Aaron Kassover said...

Definitely true. We've been noticing a similar trend of replacing 'trust' in our leaders with 'accountability'. I mentioned it briefly in a post called "The Softer Side of Leadership" in our blog, Leader's Notebook.

4:38 PM  
Aaron Kassover said...

Definitely true. We've been noticing a similar trend of replacing 'trust' in our leaders with 'accountability'. I mentioned it briefly in a post called "The Softer Side of Leadership" in our blog, Leader's Notebook.

4:38 PM  
Charles H. Green said...

YOu touch on two points that are more and more evident in management tomes--the justification of actions solely by reference to one's own benefit, and the behaviorist obsession for measurement. As you imply, they do often go together.

I think a lot of this tendency has come from recent trends in business academia. The emphasis on competitive strategy has defined the business world as a zero-sum game--winning or losing. Worse yet, it's often winning or losing vis a vis one's own suppliers or customers (see, for example, the US auto industry's sorry history of beating up its supplier chain).

In addition, the emphasis on quantification has led theoreticians to seek one ultimate "dependent variable," for which all equations can be solved. Natch, that ends up being profit (or its more sophisticated brethren, return on capital or return on shareholder equity).

The academicization of business has led to a plethora of PhD candidates trying to turn business into an exercise in obscure research using linear programming techniques. The epitome of that is the phrase, "you can't manage it if you can't measure it."

Leaving aside what "it" might be, it's still absurd on the face of it. You can manage in many ways that don't require measurement: fear, love, intimidation, example, praise come to mind. Not only does management not require measurement, measurement doesn't guarantee management.

It's instructive to look at how little is taught in areas that every busisiness person would agree are critical: sales; self-knowledge; communications; negotiation; constructive confrontation.

Until business sees itself as consisting of a positive relationship with its customers--not a negative relationships with its competitors--we're likely to stay in this behavioral, quantitative mess. And to end up justifying actions in selfish ways that end up diminishing all of us.

7:39 PM  
Carmine Coyote said...

Thanks for your comment and link, Aaron. Trust is alive, unlike "accountability," which sounds like something people talk about, but no one ever felt. And trust is two way: those who don't trust others aren't trusted themselves. If you want others to trust you (and what leader doesn't need trust all the time?), you have to demonstrate trust in them first. It always starts with the leader.

Keep reading, my friend.

10:56 PM  
Carmine Coyote said...

You make some great points, Charles, and I'm very grateful for your time in writing so fully.
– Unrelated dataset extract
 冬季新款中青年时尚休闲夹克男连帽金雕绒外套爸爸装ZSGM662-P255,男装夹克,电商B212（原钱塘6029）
I agree that business is a human activity, based as much on relationships as it is on abstractions like financial profit and "shareholder value." It should also be a humane set of dealings, many of which, as you so rightly say, have little to do with anything that can—or should—be quantified.

People worship numbers in the mistaken belief that numerical processes are "scientific," happily ignoring the truly scientific process of basing choices and decisions on evidence and verifiable data. As I have written before on this blog, the depth of ignorance in business circles about numbers and statistics would be amusing, were it not so tragic.
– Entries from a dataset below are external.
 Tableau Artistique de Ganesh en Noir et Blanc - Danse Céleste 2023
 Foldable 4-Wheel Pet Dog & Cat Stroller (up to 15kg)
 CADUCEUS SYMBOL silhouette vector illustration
A great many of the measurements so laboriously collected and carefully watched are, in truth, meaningless rubbish. Meanwhile, genuine (but non-numeric) sources of important information, like people's observations and understanding, are ignored, because they are considered "unscientific."
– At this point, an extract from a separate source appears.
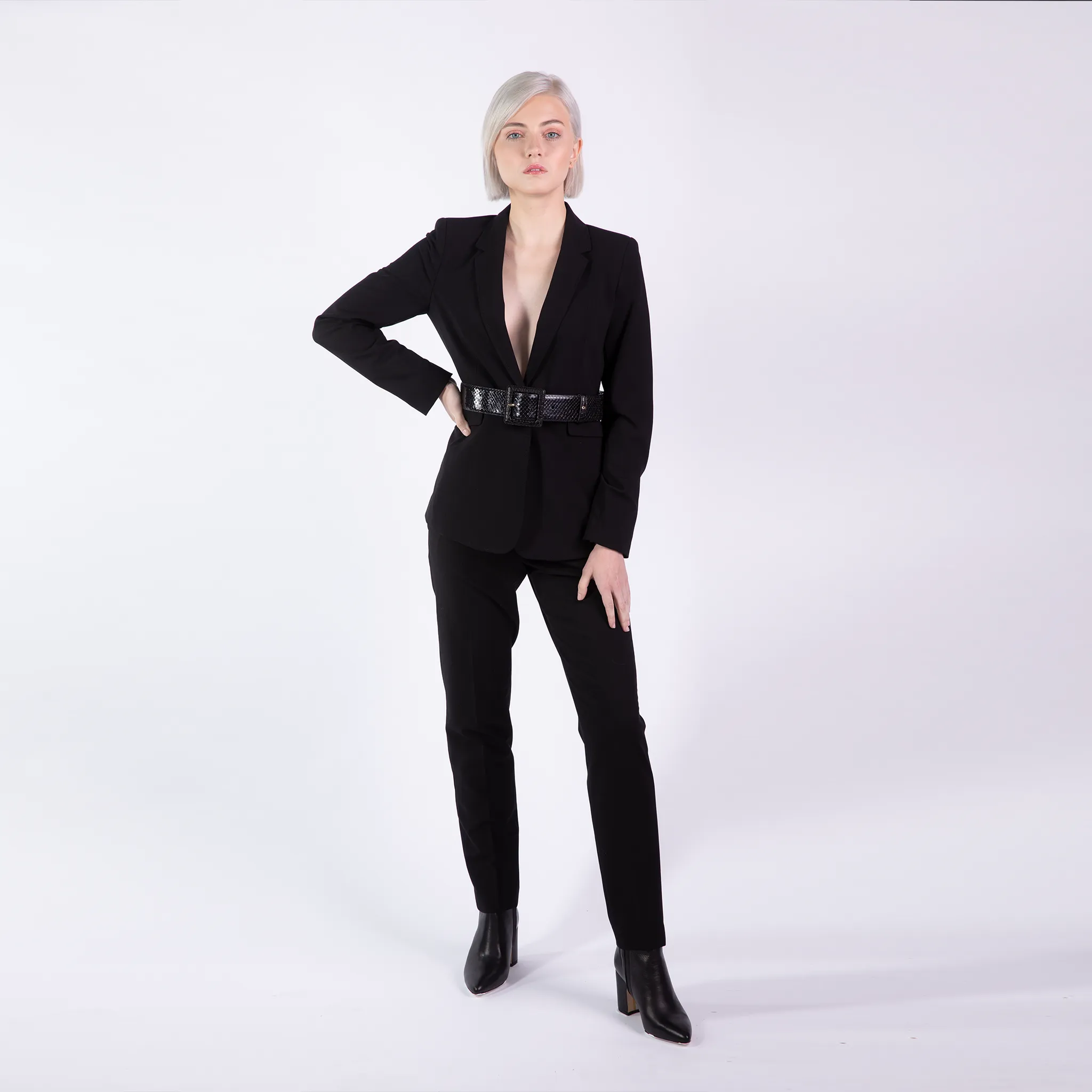 CA Hampton Black Python Couture waist belt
Keep reading (and commenting), my friend.

11:08 PM  
Tom Harris said...

Yes, trust is important. And there are certainly dangers in counting things.

But monitoring can be used positively to ensure that we're not just pretending progress, but rather, actually making progress.

4:06 AM  
Carmine Coyote said...

Of course, Tom. I'm not against measurement per se, merely trying to point out that it isn't a panacea for all ills; and that today it is more often used badly than well.

Keep reading, my friend.

7:26 AM  
gary said...

I find myself torn on this one. The Audit mentality might be rooted in the plethera of lawsuits relative to termination of employment. Without the metrics, the Company could be exposed to very costly litigation.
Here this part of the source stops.